-- Provided material follows --

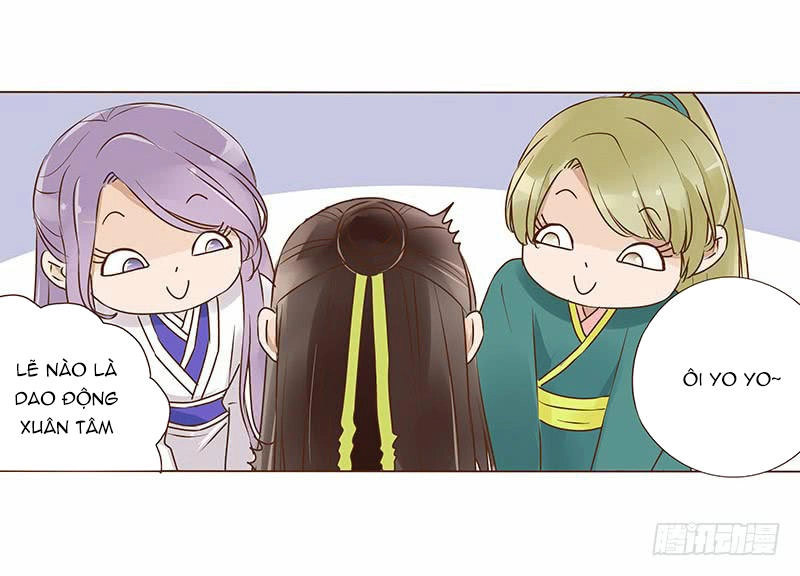 Đế Vương Trắc Chapter 100 - 60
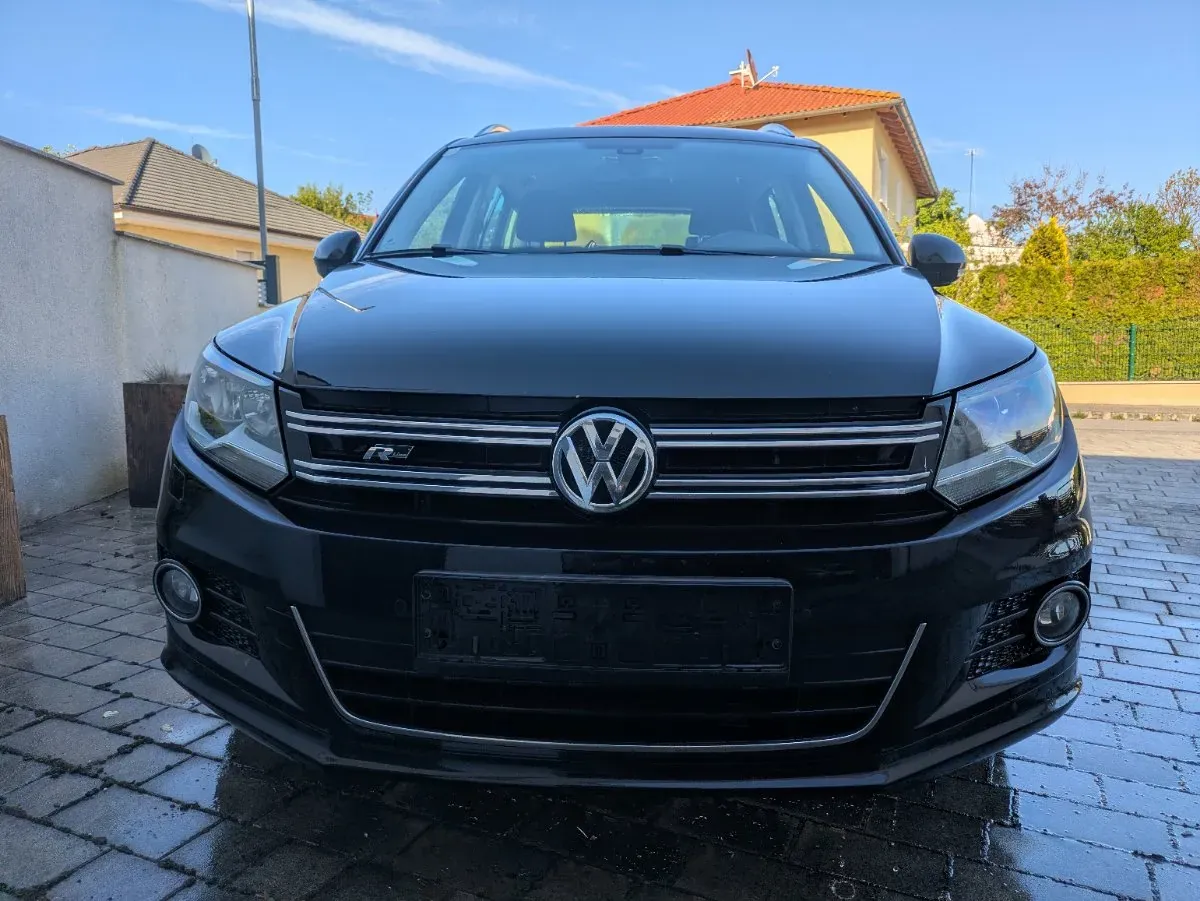 Volkswagen Tiguan 2013 photo 2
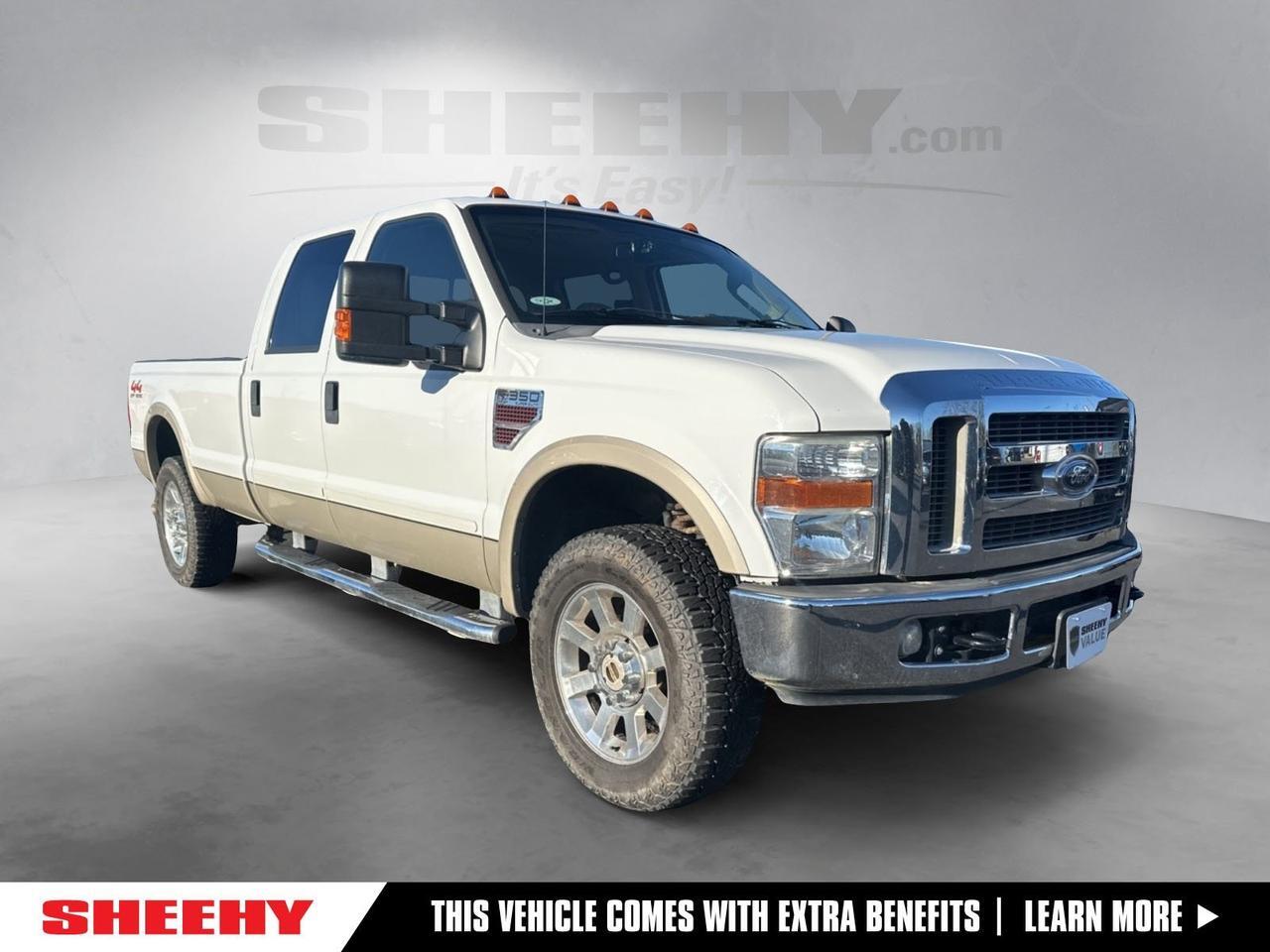 2008 Ford F-350SD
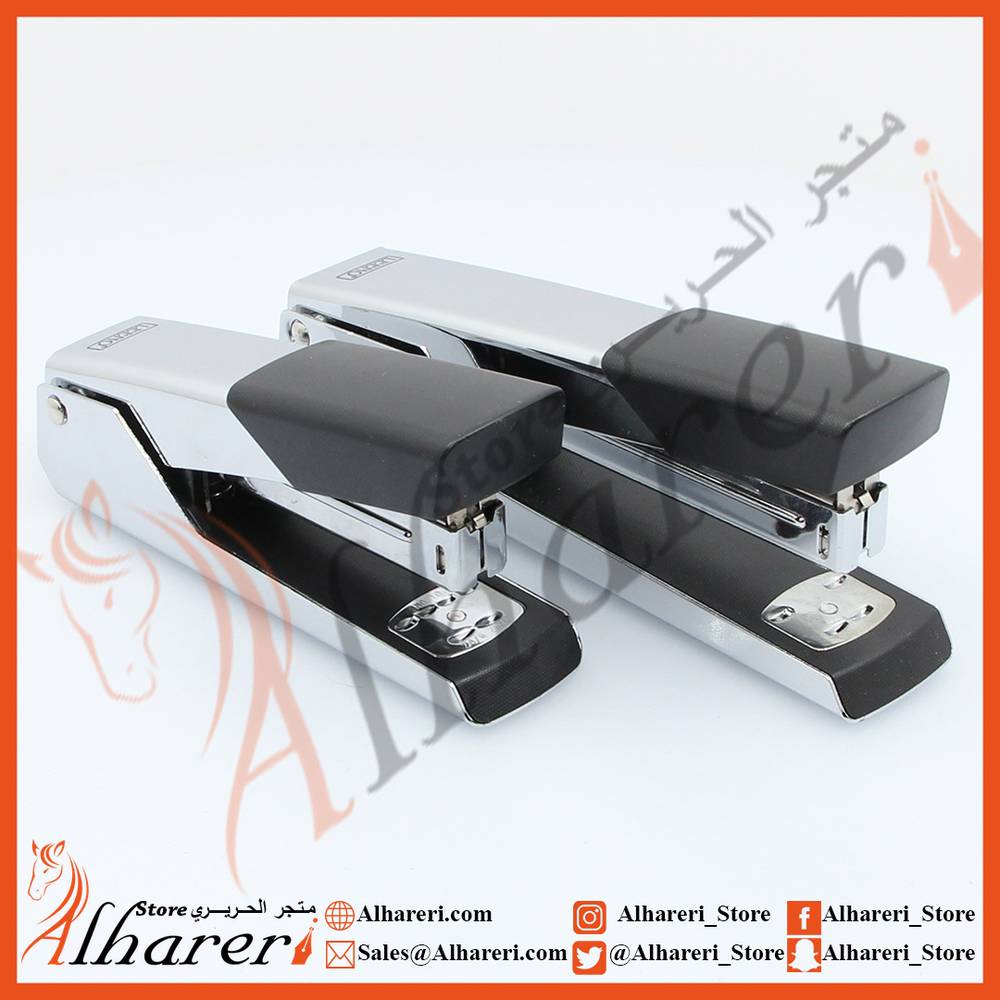 Stapler metal nickel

-- Provided material concluded --

Description of the task = Would you provide an exact, picture-free copy of the data above?

Your response =
 Đế Vương Trắc Chapter 100 - 60
 Volkswagen Tiguan 2013 photo 2
 2008 Ford F-350SD
 Stapler metal nickel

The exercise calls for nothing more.